Tax exemptions form the “carrot” component of the MAS’s new family office rules, providing relief on investments in non-listed Singapore businesses, including private credit, and on investments in Singapore-listed equities, certain exchange-traded funds, and unlisted funds that invest mainly in locally listed equities. In addition, there is a strong emphasis on green technologies by means such as blended finance, investments which are recognised at a ratio of S$2 for S$1.

Marquardt said the tax incentives were in line with long-standing policies in Singapore that had made the country by far the wealthiest in the region.

“What [the authorities] are doing is very consistent, what they’ve always done,” he said. “They've always said that green technology, climate change, and [environmental, social and governance issues] are very important to Singapore. They have for a long time said that private credit is an area they want to focus on, that the liquidity of the stock market has always been important to Singapore. So, if you look at where these tax incentives are going, it's to what's been important to Singapore over the long haul.”

PUSH AND PULL

In addition to the pull factor such incentives represent for family offices, the push factor of rising geopolitical tensions has been a motivation for some family offices to set up shop in Singapore rather than Hong Kong, Asia’s other family office hub.

An executive at a multi-family office who spoke on condition of anonymity said the city state had become increasingly attractive to mainland Chinse family offices, a view borne out by anecdotal evidence shared with AsianInvestor earlier this year.

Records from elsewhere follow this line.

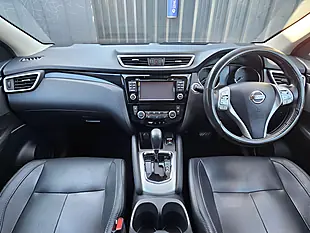 Used 2017 Nissan Qashqai Tekna Xtron Grey - Interior and Exterior details 9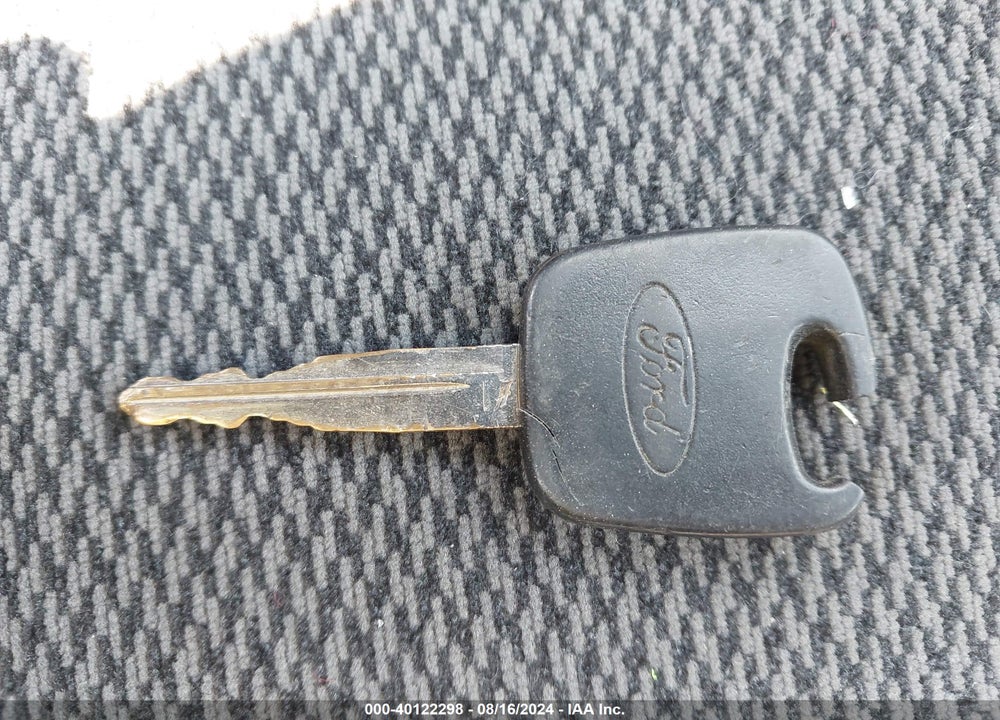 2003 FORD FOCUS LX VIN: 1FAFP33P93W125943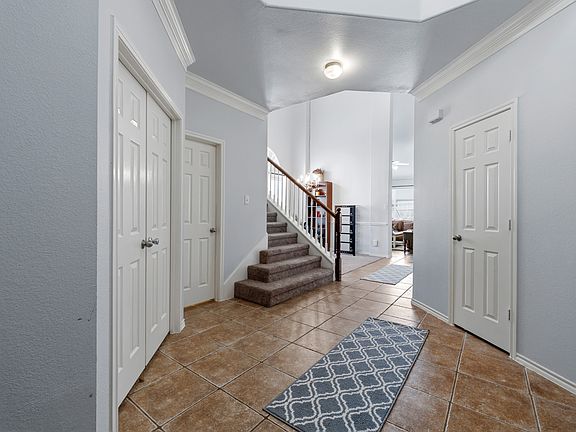 3rd image of 704 San Antonio Trl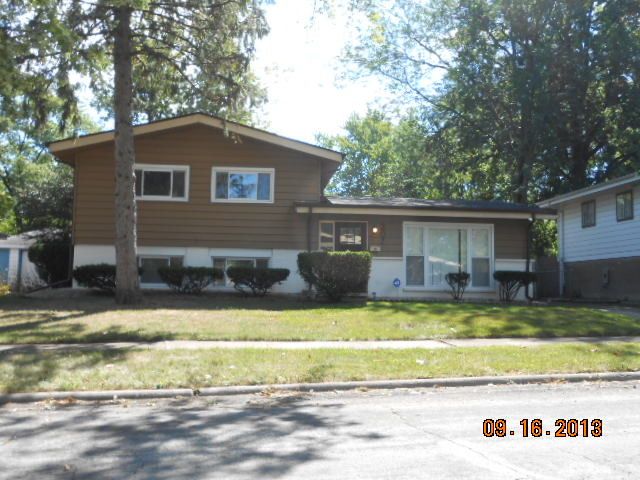 207 Kentucky St, Park Forest, IL 60466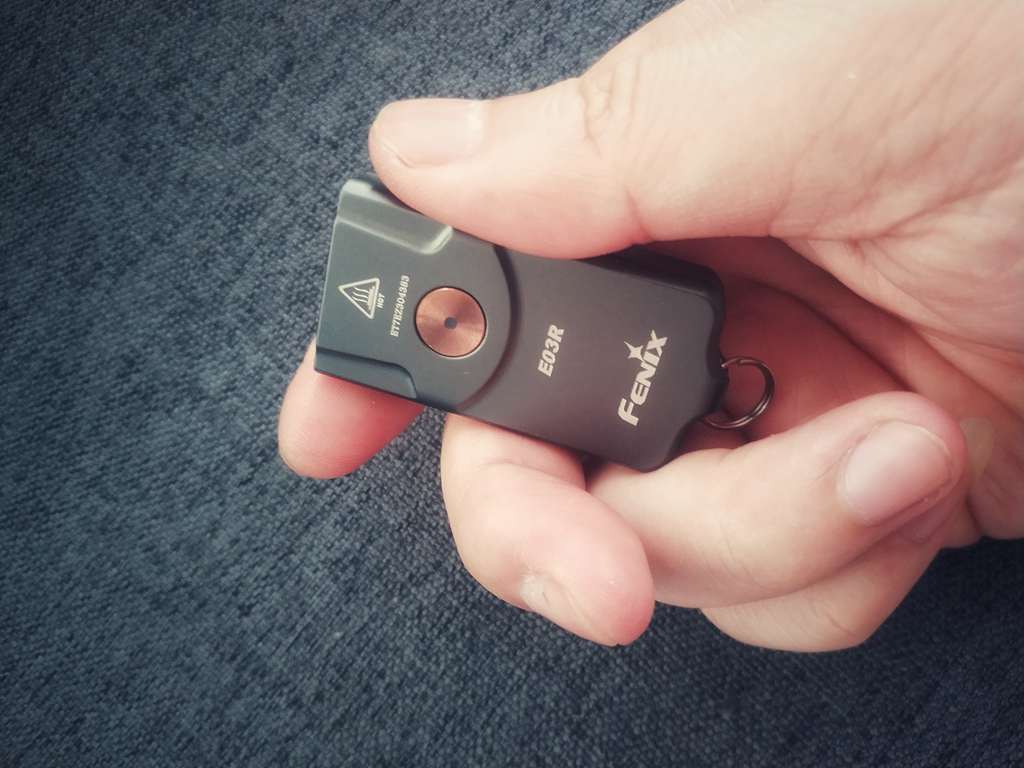 小包包里装些啥？实用好玩还不失bbb...g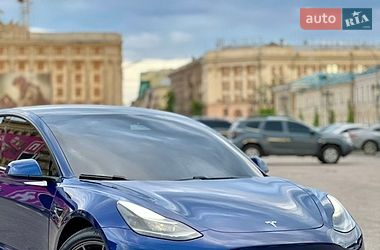 Седан Tesla Model 3 2021 в Харькове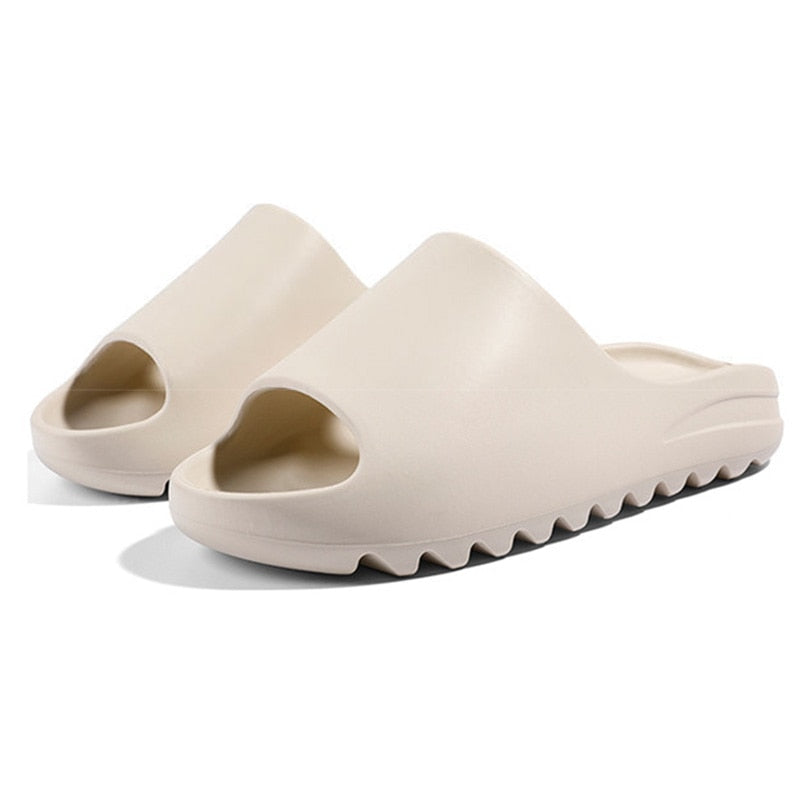 Wolkenzachte dames slippers, bieden schokabsorberend comfort en ontspanning na een lange dag. Flexibel design.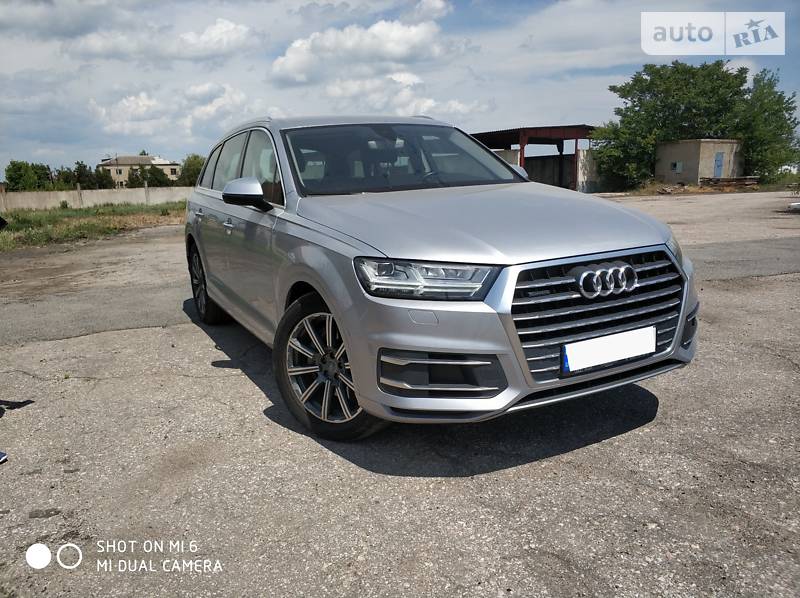 Позашляховик / Кросовер Audi Q7 2015 в Мелітополі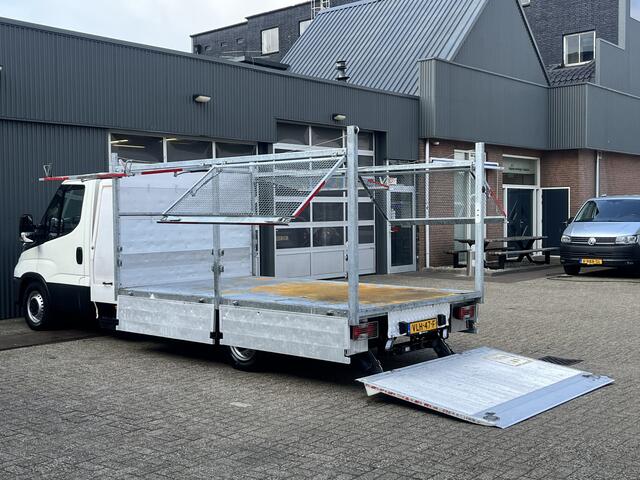 Iveco DAILY 35S14N Automaat met Laadklep Luchtvering Airco Cruise controle 3-Persoons Hogeschotten Gereedschapskist Open laadbak Pick-up P-up Bakwagen 1e eigenaar Euro 6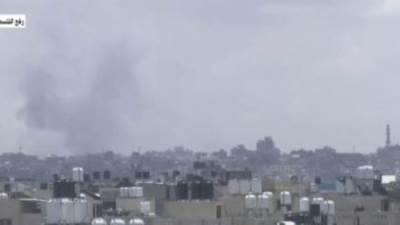 القاهرة الإخبارية تعرض مشاهد لقصف رفح الفلسطينية وتصاعد ألسنة الدخان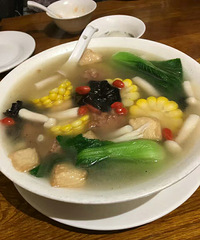 �ڼ�·��������������óԣ�����һ��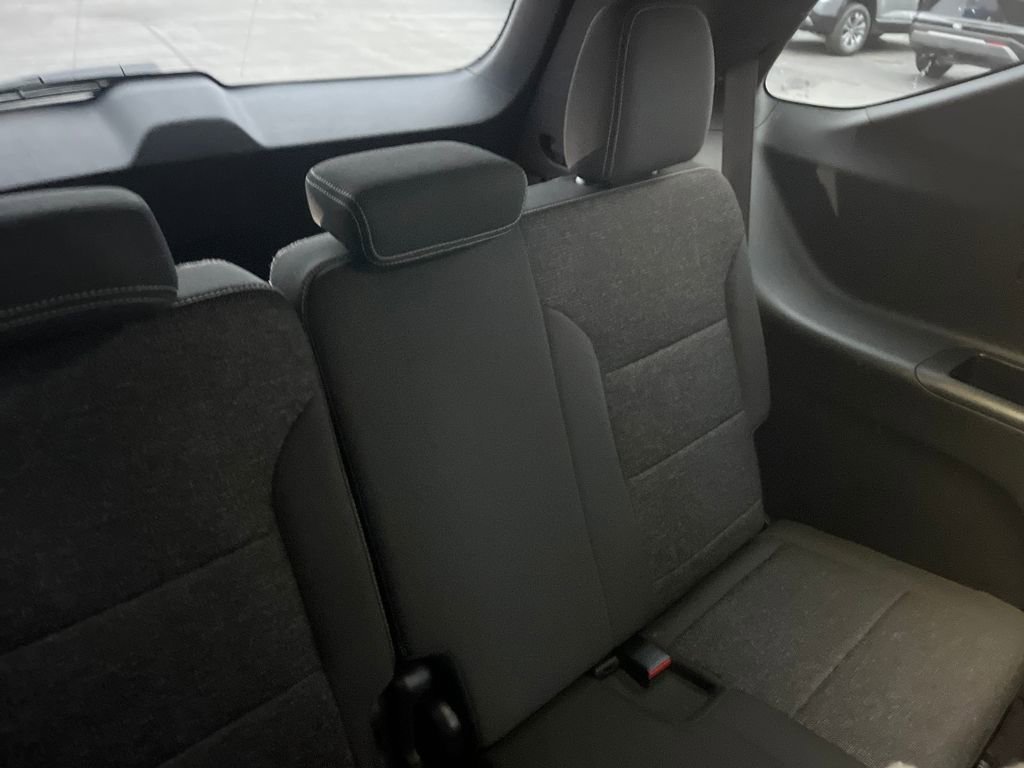 Used 2025 Chevrolet Traverse LT image 26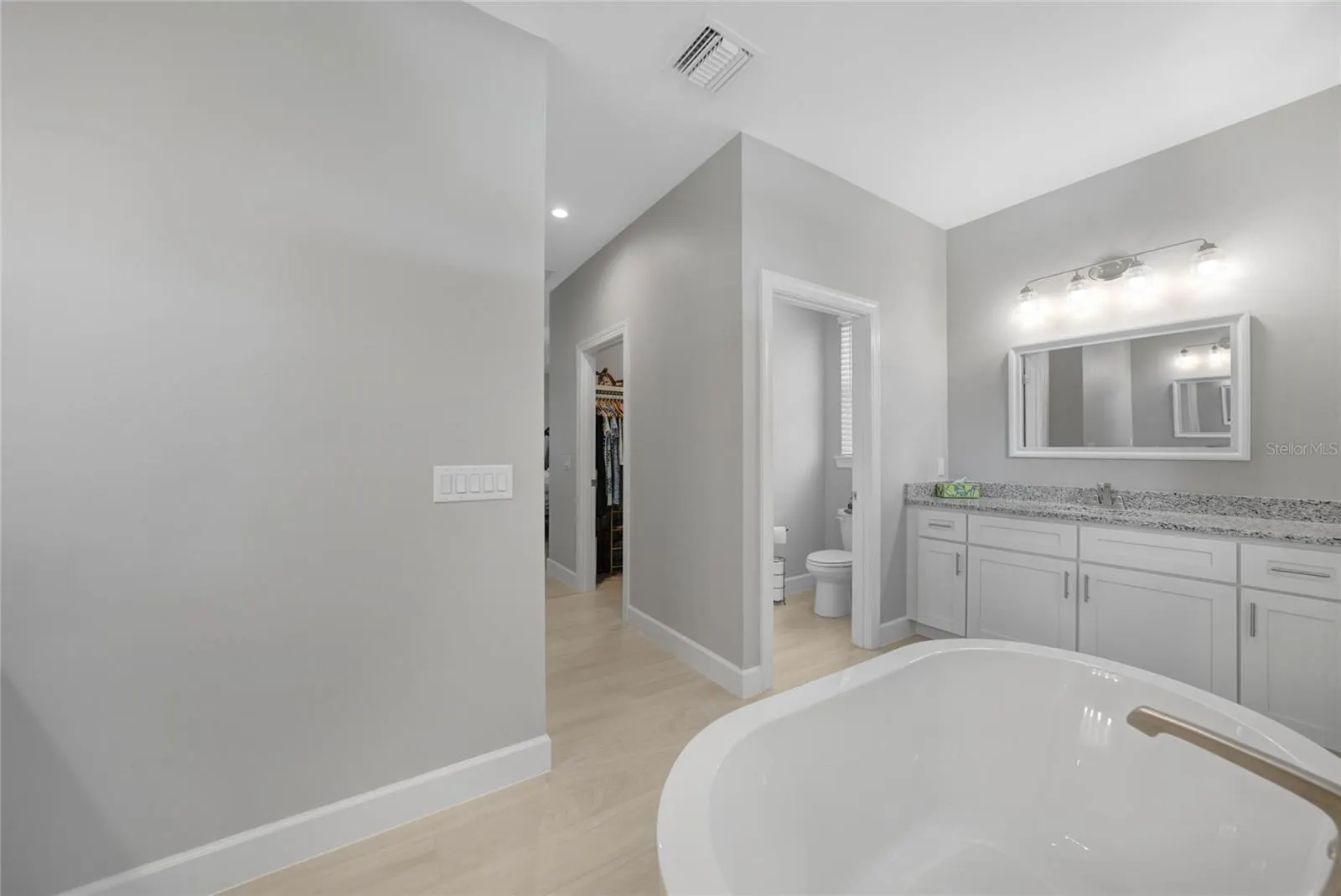 5435 MONTEGO LN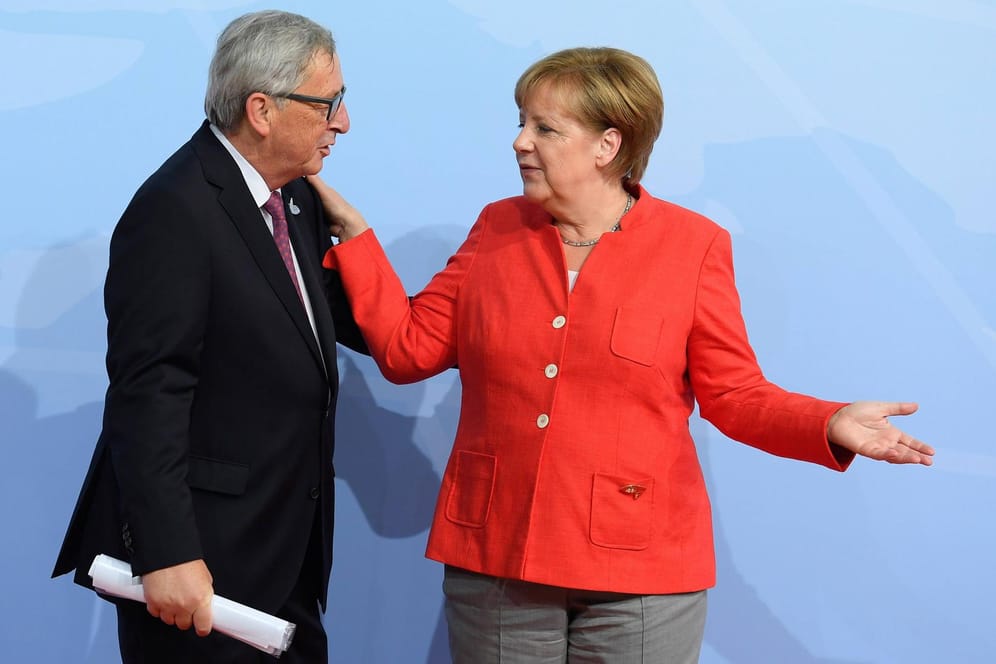 Merkel und Junker (Bild vom Juli 2017): Merkel unterstützt den Chef der EU-Kommision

“There will be some Chinese billionaires or people of high net worth that’ll be motivated to set up in Singapore and not in Hong Kong,” the source said. “We know the reasons why — because ultimately, Hong Kong is China, and some will naturally just choose to do it in Singapore and will take certain decisions based on that overriding point.”

Marquardt said Singapore had been insulating itself from potential geopolitical turmoil for decades, and that in the current climate, that was paying off in its heightened appeal to family offices.

“Singapore has built itself to be an island of stability in Asia and globally,” he said. “In a sea with a lot of troubled waters, it’s a port of stability. As global tensions have continued to mount, it’s been a beneficiary of that. They built the port before the storm started.”